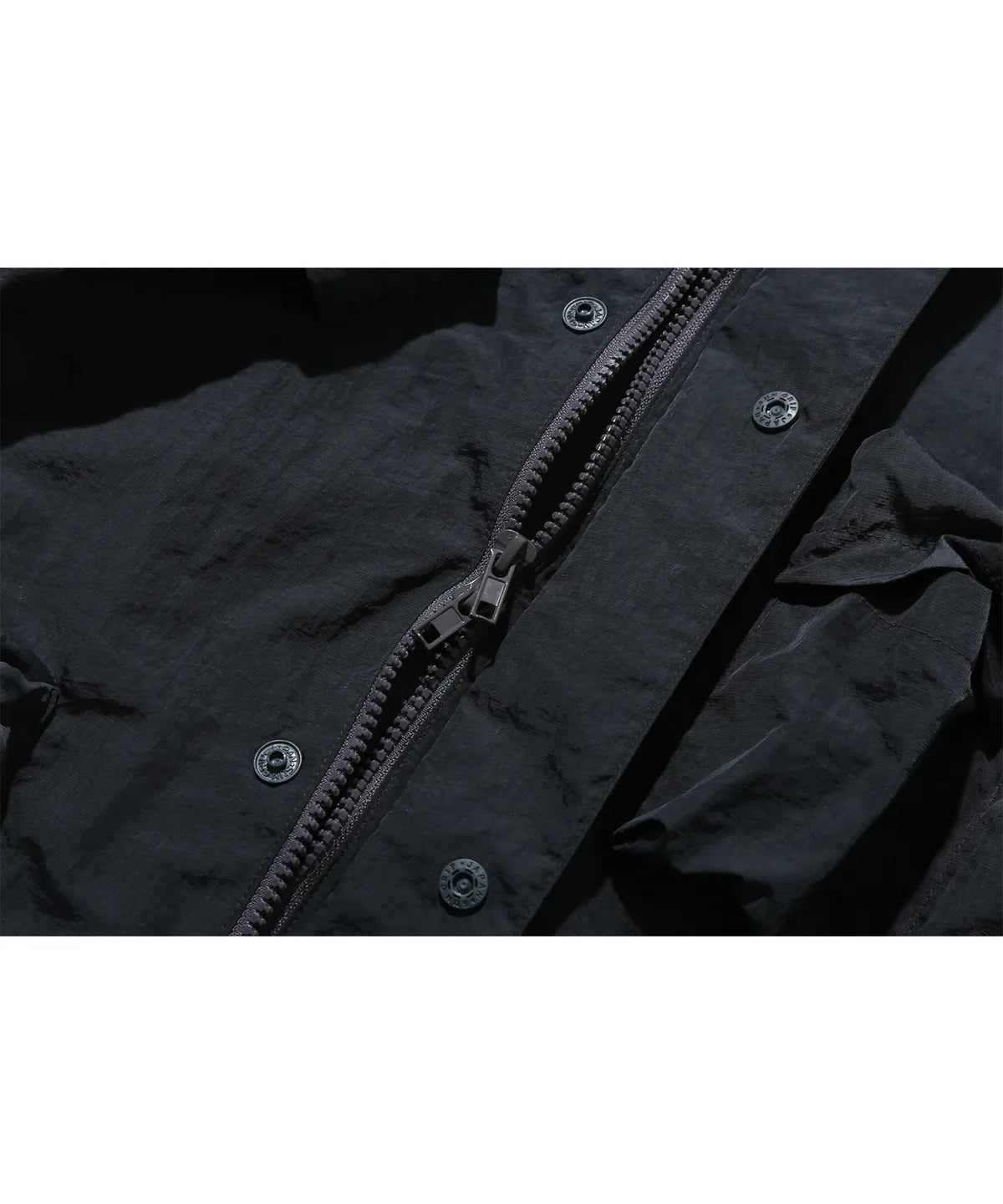Multi-pocket Hooded Jumper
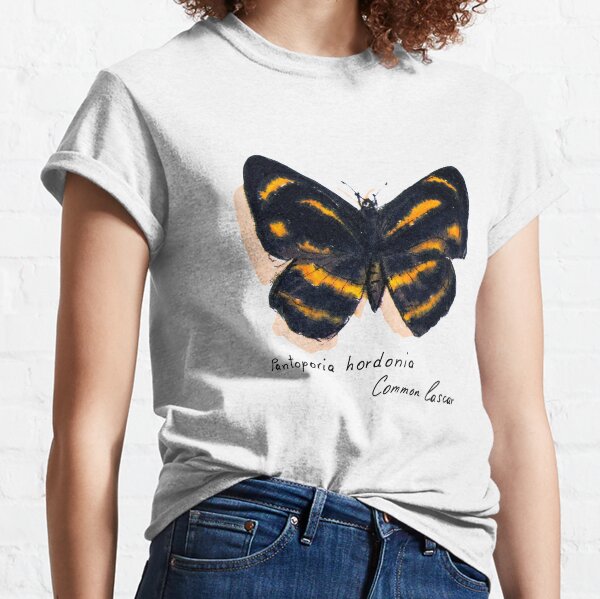 Schmetterling Common Lascar Classic T-Shirt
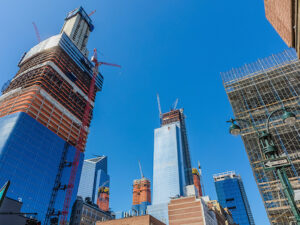 NYC 2022 Building Code: Standing at the Corner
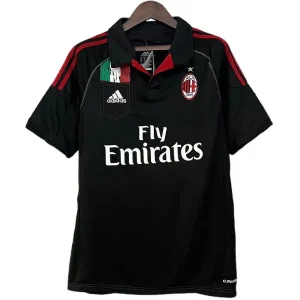 AC Milan Maglia 2012 2013 Retro - Maglia Ac Milan | itmagliettecalcio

ABOUT THIS EXERCISE =>
Print the material above once more, exactly. No pictures belong in it.

OUTPUT BELOW =>
Multi-pocket Hooded Jumper
 Schmetterling Common Lascar Classic T-Shirt
 NYC 2022 Building Code: Standing at the Corner
 AC Milan Maglia 2012 2013 Retro - Maglia Ac Milan | itmagliettecalcio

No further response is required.